*ENTRIES SUPPLIED:*
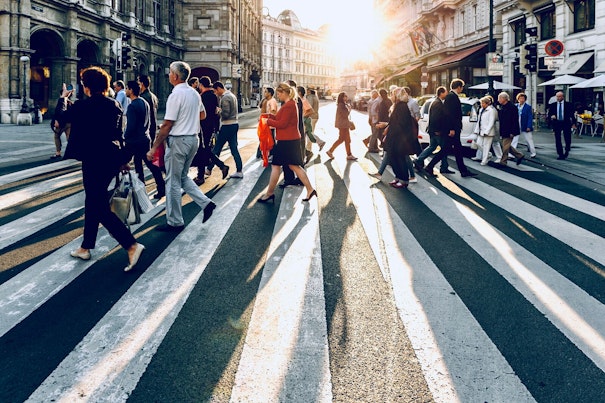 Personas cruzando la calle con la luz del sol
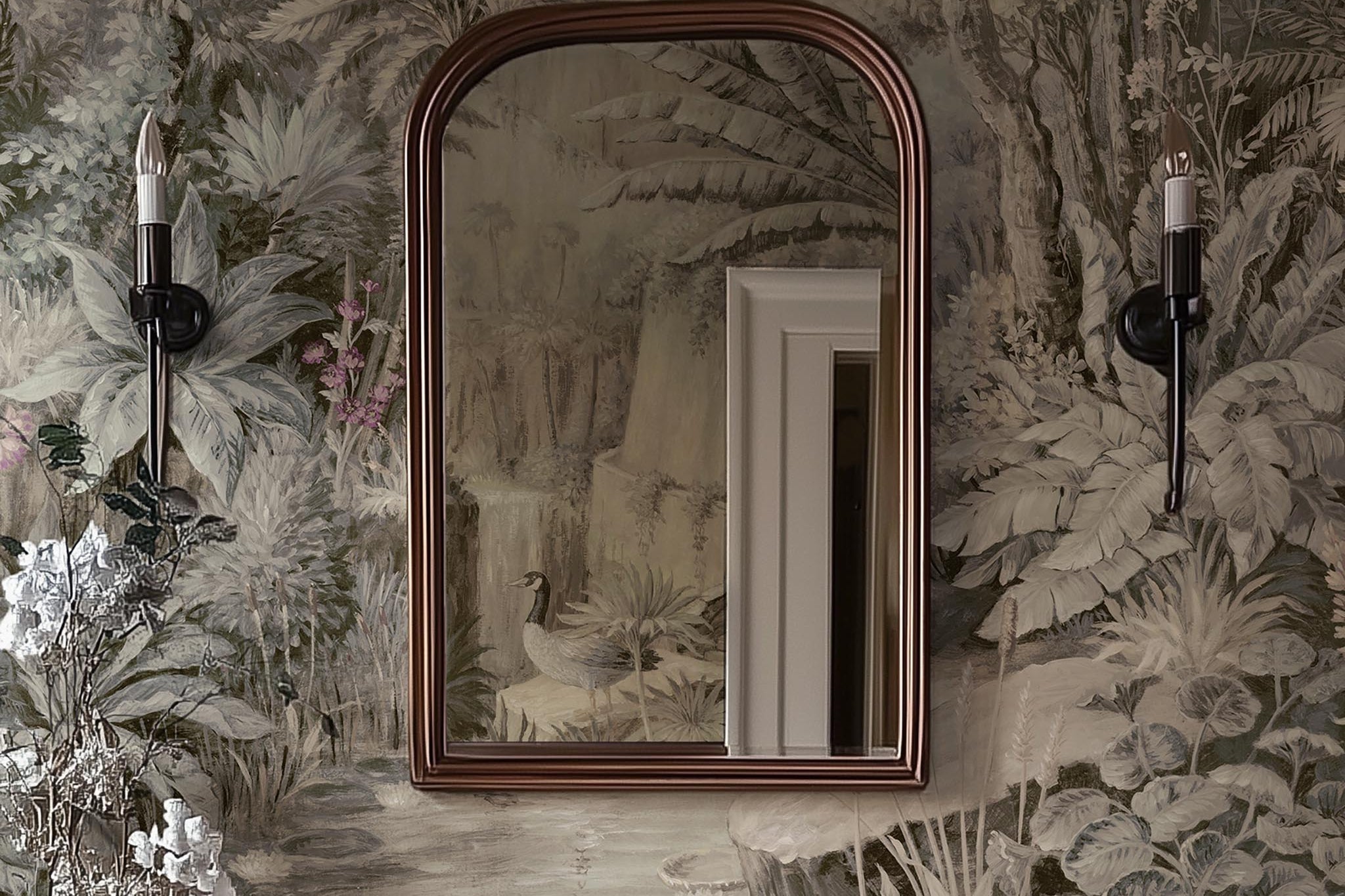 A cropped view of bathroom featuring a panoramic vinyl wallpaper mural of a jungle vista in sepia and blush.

---

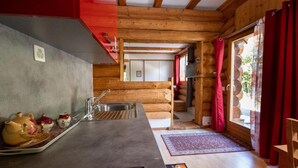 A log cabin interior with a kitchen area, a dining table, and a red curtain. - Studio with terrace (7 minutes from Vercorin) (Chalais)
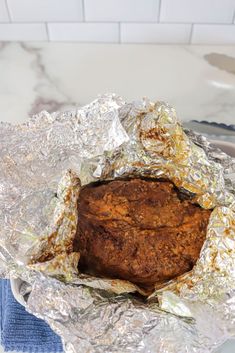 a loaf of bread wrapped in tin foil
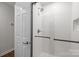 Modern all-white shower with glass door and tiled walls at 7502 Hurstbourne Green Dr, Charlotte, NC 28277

*REQUIRED ACTION:* The output is the stretch above from the line with "Personas cruzando la" through the line with "A cropped view", copied word for word with both ends kept and every picture dropped.

*REPLY:*
 Personas cruzando la calle con la luz del sol
 A cropped view of bathroom featuring a panoramic vinyl wallpaper mural of a jungle vista in sepia and blush.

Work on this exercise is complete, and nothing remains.